The aforesaid authoritative principles by the Hon’ble Apex Court in the case of COMMISSIONER OF CUSTOMS, BANGALORE-1 VERSUS M/S MOTOROLA INDIA LTD. [2019 (9) TMI 229 - SUPREME COURT] where it was held that if order of the Appellate Tribunal would go beyond interse disputes between the parties and may effect large number of cases, such an issue would partake the character of one of ‘General public importance’. Comparative analysis of Section 35G and 35L of the Central Excise Act would indicate they are mutually exclusive. Therefore, dispute which would be in the domain of Section 35L cannot be held or presumed that it would incidentally fail with domain under Section 35G also. Parliament would not have envisaged of vesting overlapping of the jurisdiction.

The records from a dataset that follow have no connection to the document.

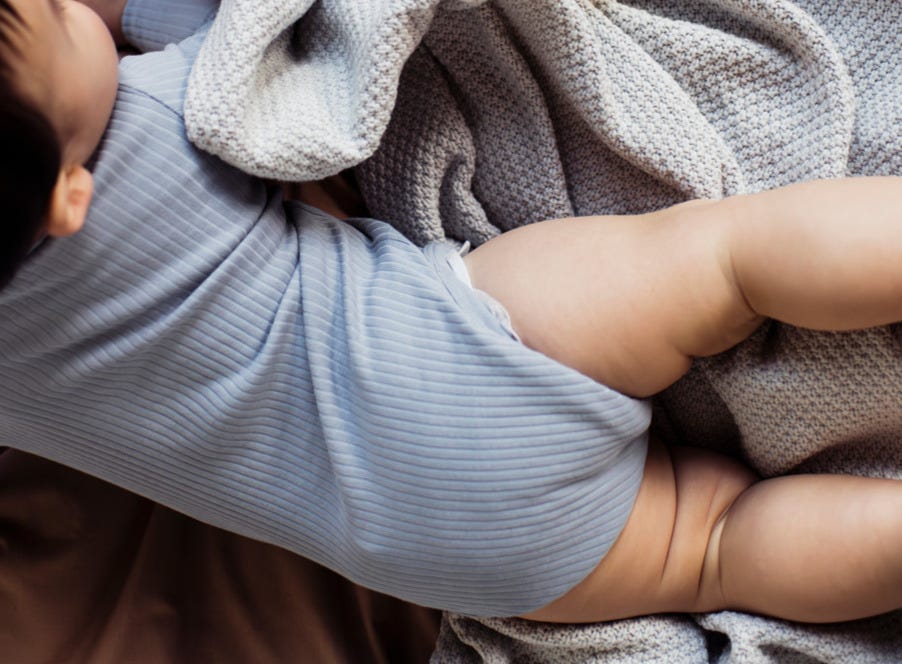 a baby wearing a blue baby grow and a nappy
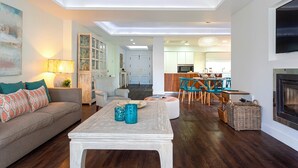 A modern living room with a sofa, coffee table, and dining area. - Genteel Home Venalmar Terrace (Estepona)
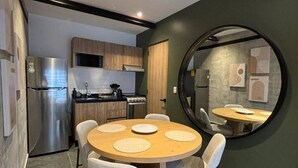 A modern kitchen with a round dining table, chairs, and a built-in oven. - Casa Corona - 1BR in Roma Norte - HighF (Mexico City)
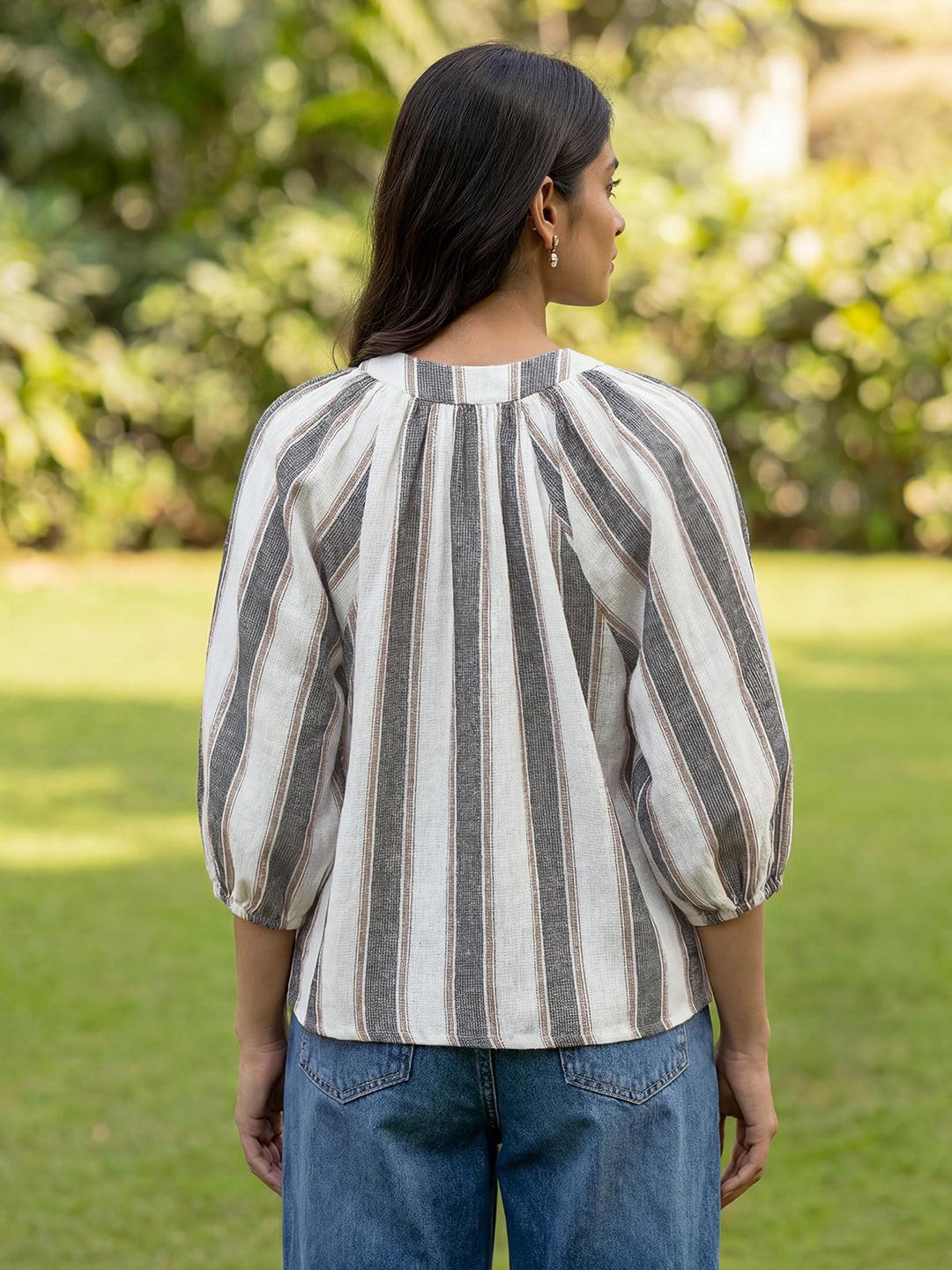 Women wearing a striped blouse by Rerasa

The dispute does not restrict itself to inter party rights, but extends to class or category of assessees like the respondent herein, inasmuch as, interpretation of the notification dated 01.03.2008 is the subject matter of this appeal. Thus, issue as to whether the said notification would empower the revenue to deny the exemption provided under the notification dated 28.08.1995 is an issue which has to be determined by formulating substantial question of law framed in that regard and same has to be answered - the issue involved relates determination of excercisibility of the goods for the purposes of assessment by virtue of the clarificatory notification dated 01.03.2008.
An appeal under Section 35G before this Court would not be maintainable and appellant–revenue has to pursue its grievance by filing an appeal under Section 35L before the Hon’ble Apex Court - Appeal filed under Section 35G is held to be not maintainable and reserving liberty to the appellant to present this appeal before Hon’ble Apex Court under Section 35L - appeal dismissed.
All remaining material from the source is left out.